«Dice Cicerón que filosofar no es otra cosa que prepararse para la muerte. El motivo es que el estudio y la contemplación retiran en cierto modo el alma fuera de nosotros, y la ocupan aparte del cuerpo, lo cual constituye cierto aprendizaje y cierta semejanza de la muerte; o bien que toda la sabiduría y la razón del mundo se resuelve, a fin de cuentas, en enseñarnos a no tener miedo de morir».
«La meta de nuestra carrera es la muerte, es el objetivo necesario al que nos dirigimos: si nos asusta, ¿cómo vamos a poder dar un paso adelante sin fiebre? El remedio del vulgo es no pensar en ello. Pero, ¿qué brutal estupidez puede ocasionarle una ceguera tan burda?».

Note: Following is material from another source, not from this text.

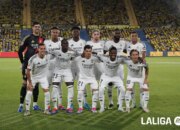 Real Madrid: one-on-one of Real Madrid vs Las Palmas: rating and reviews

«[...] aprendamos a oponerle resistencia a pie firme y a combatirla. Y, para empezar a privarle de su mayor ventaja contra nosotros, sigamos un camino del todo contrario al común. Privémosle de la extrañeza, frecuentémosla, acostumbrémonos a ella. No tengamos nada tan a menudo en la cabeza como la muerte. Nos la hemos de representar a cada instante en nuestra imaginación, y con todos los aspectos. Al tropezar un caballo, al caer una teja, a la menor punzada de alfiler, rumiemos enseguida: "Y bien, ¿cuándo será la muerte misma?", y, a partir de ahí, endurezcámonos y esforcémonos. En medio de las fiestas y de la alegría, repitamos siempre el estribillo del recuerdo de nuestra condición, y no dejemos que el placer nos arrastre hasta el punto de que no nos venga a la memoria, de vez en cuando, de cuántas maneras nuestra alegría está expuesta a la muerte, y con cuántos medios esta la amenaza».
«Quien ha aprendido a morir, ha dessprendido a servir».
«Igual que nuestro nacimiento supuso para nosotros el nacimiento de todas las cosas, nuestra muerte conllevará la muerte de todas las cosas. Por eso, tan insensato es llorar porque de aquí a cien años no viviremos, como hacerlo porque cien años atrás no vivíamos. La muerte es origen de otra vida. También lloramos, también nos costó entrar en esta, también nos despojamos de nuestro viejo velo al entrar en ella».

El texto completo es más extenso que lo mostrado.